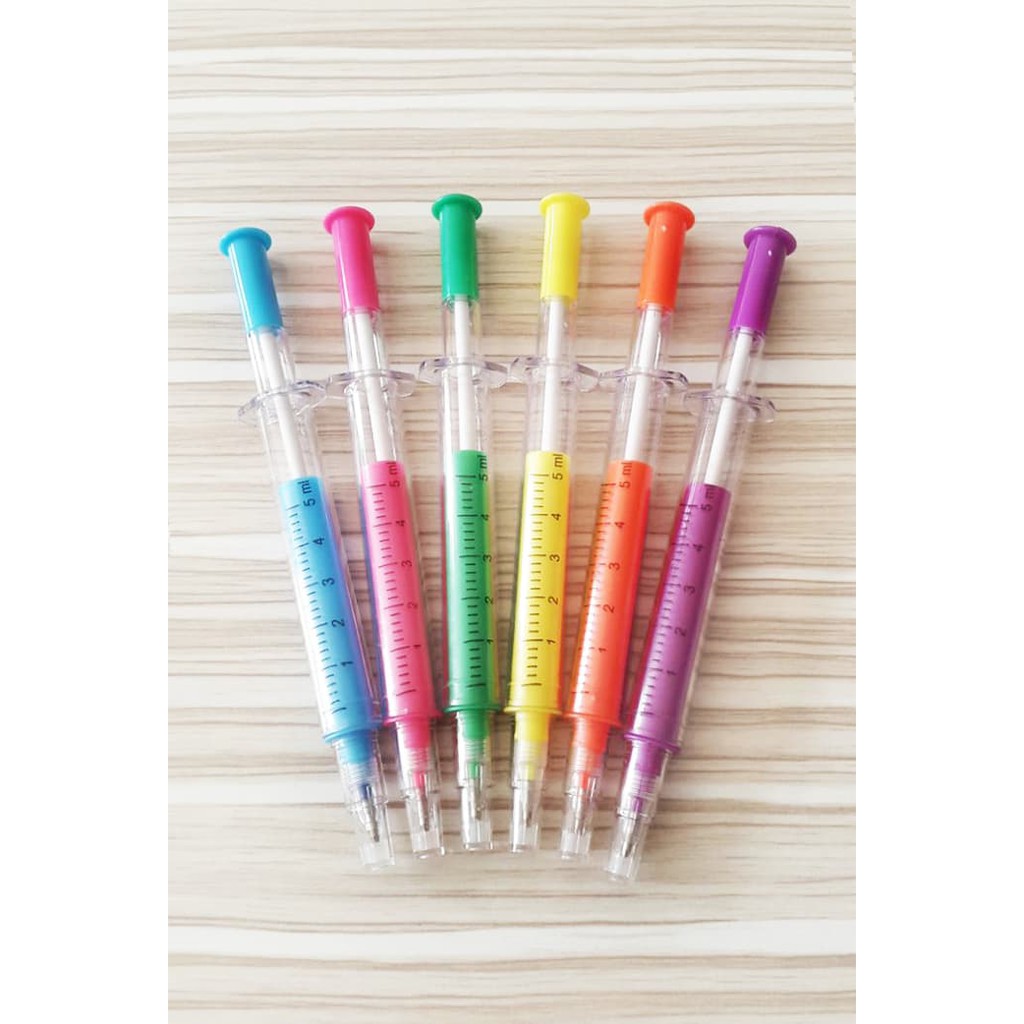 

nn Pulpen Suntik 2 Sisi / Gel Pen unik souvenir jarum suntikan dokter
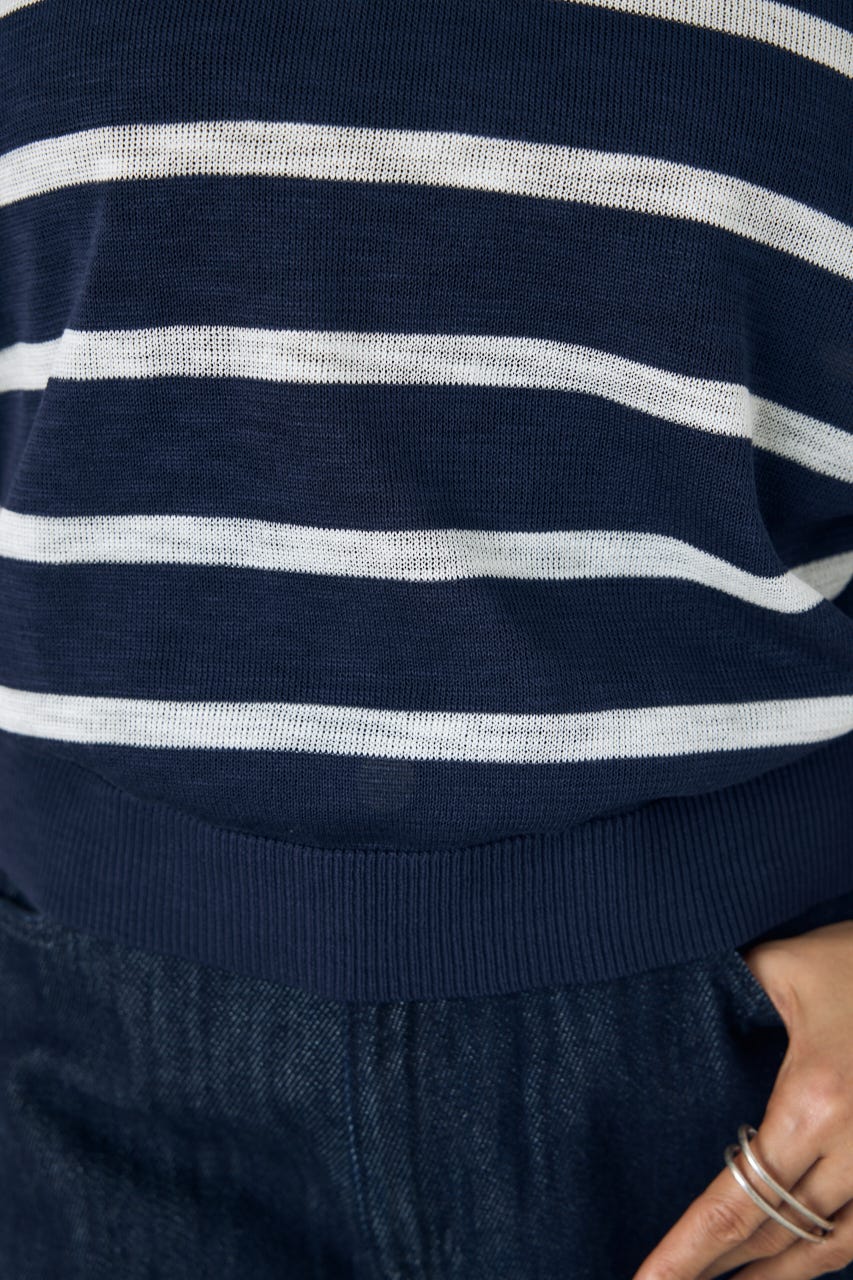 シアーポロニットトップス 柄NVY S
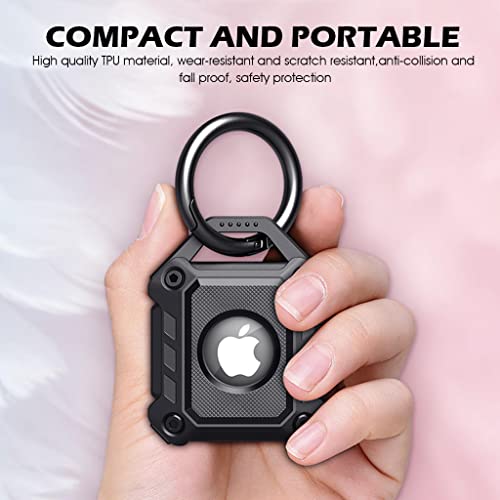 ZIBUYU® AirTag Case TPU Protective Holder Apple AirTags on Keychain Waterproof with Hole Black 3PCS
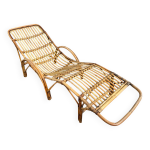 Chaise - longue en rotin italien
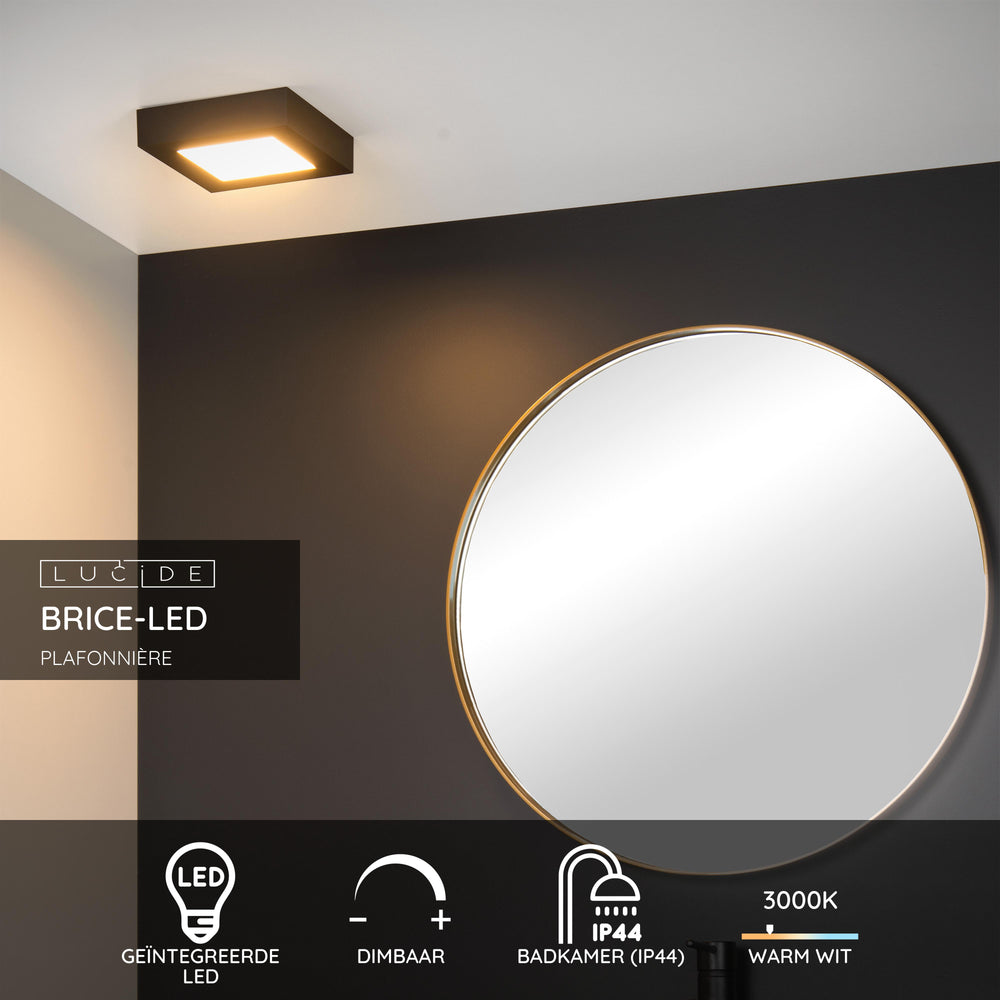 Lucide BRICE LED badeværelses loftlampe, dæmpbar 15W 3000K, IP44, firkantet mat sort finish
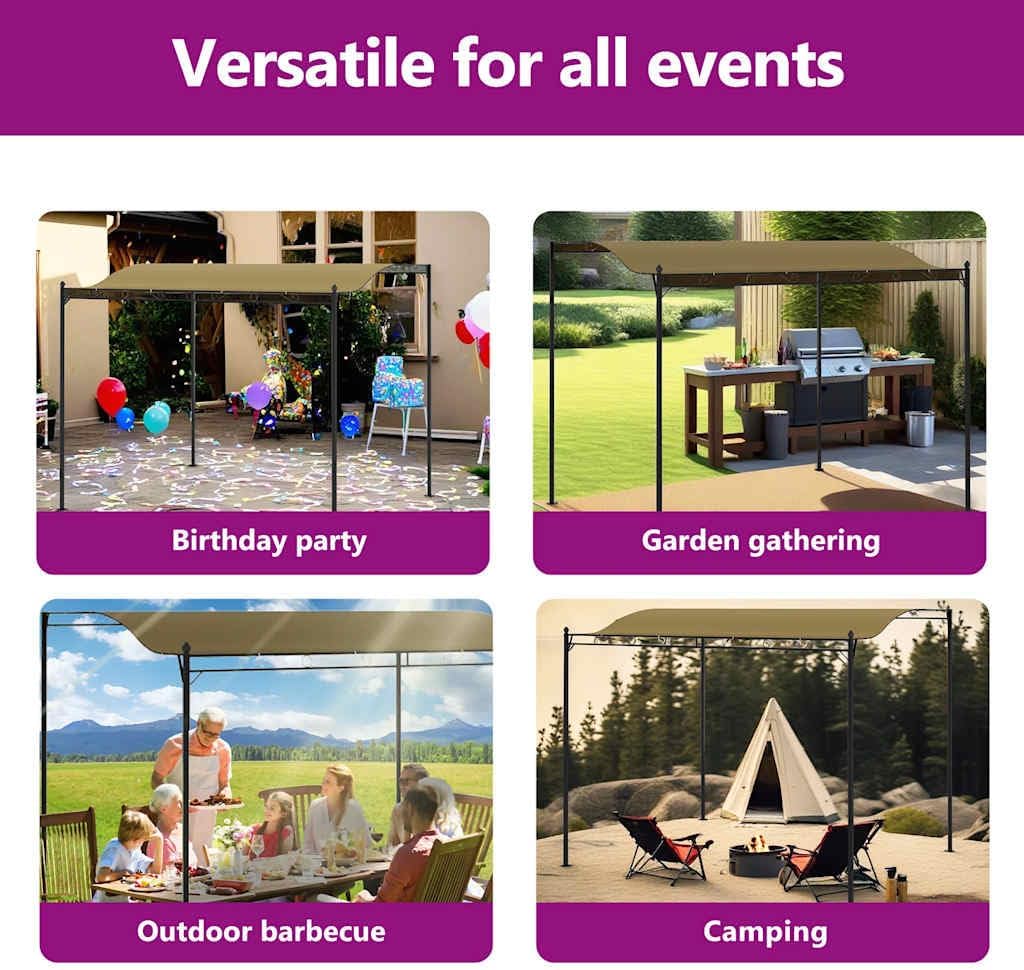 vidaXL Gazebo Set of 2 Taupe Steel and Polyester Large Durable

§ §

The images are to be left out while the entries are written out exactly.

nn Pulpen Suntik 2 Sisi / Gel Pen unik souvenir jarum suntikan dokter
 シアーポロニットトップス 柄NVY S
 ZIBUYU® AirTag Case TPU Protective Holder Apple AirTags on Keychain Waterproof with Hole Black 3PCS
 Chaise - longue en rotin italien
 Lucide BRICE LED badeværelses loftlampe, dæmpbar 15W 3000K, IP44, firkantet mat sort finish
 vidaXL Gazebo Set of 2 Taupe Steel and Polyester Large Durable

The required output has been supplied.